AAAR 32nd Annual Conference
September 30 - October 4, 2013
Oregon Convention Center
Portland, Oregon, USA
Abstract View
The Contribution of Sub-Grid, Plume-Scale Nucleation to Global and Regional Aerosol and CCN Concentrations
ROBIN STEVENS, Jeffrey Pierce, Dalhousie University
Abstract Number: 188 Working Group: Aerosols, Clouds, and Climate
Abstract New-particle formation in the plumes of coal-fired power plants and other anthropogenic sulphur sources may be an important source of particles in the atmosphere. It has been unclear, however, how best to reproduce this formation in global and regional aerosol models with grid-box lengths that are 10s of kilometres and larger. The predictive power of these models is thus limited by the resultant uncertainties in aerosol size distributions.
Based on the results of the System for Atmospheric Modelling (SAM), a Large-Eddy Simulation/Cloud-Resolving Model (LES/CRM) with online TwO Moment Aerosol Sectional (TOMAS) microphysics, we develop the Predicting Particles Produced in Power-Plant Plumes (P6) parameterization: a computationally-efficient, but physically-based, parameterization that predicts the characteristics of aerosol formed within sulphur-rich plumes based on parameters commonly available in global- and regional-scale models.

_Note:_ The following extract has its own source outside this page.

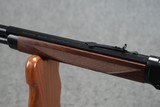 Winchester Model 94 Sporter 30-30 24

Given large-scale mean meteorological parameters, emissions from the source, the desired distance from the source, and the mean background SO$_2, NO$_x, and condensation sink, the parameterization will predict the fraction of the emitted SO$_2 that is oxidized to H$_2SO$_4, the fraction of that H$_2SO$_4 that forms new particles instead of condensing onto preexisting particles, the median diameter of the newly-formed particles, and the number of newly-formed particles per kilogram SO$_2 emitted.
We implement the P6 parameterization in the GEOS-Chem global chemical-transport model in order to evaluate the contributions of coal-fired power plants globally to particle number and CCN concentrations.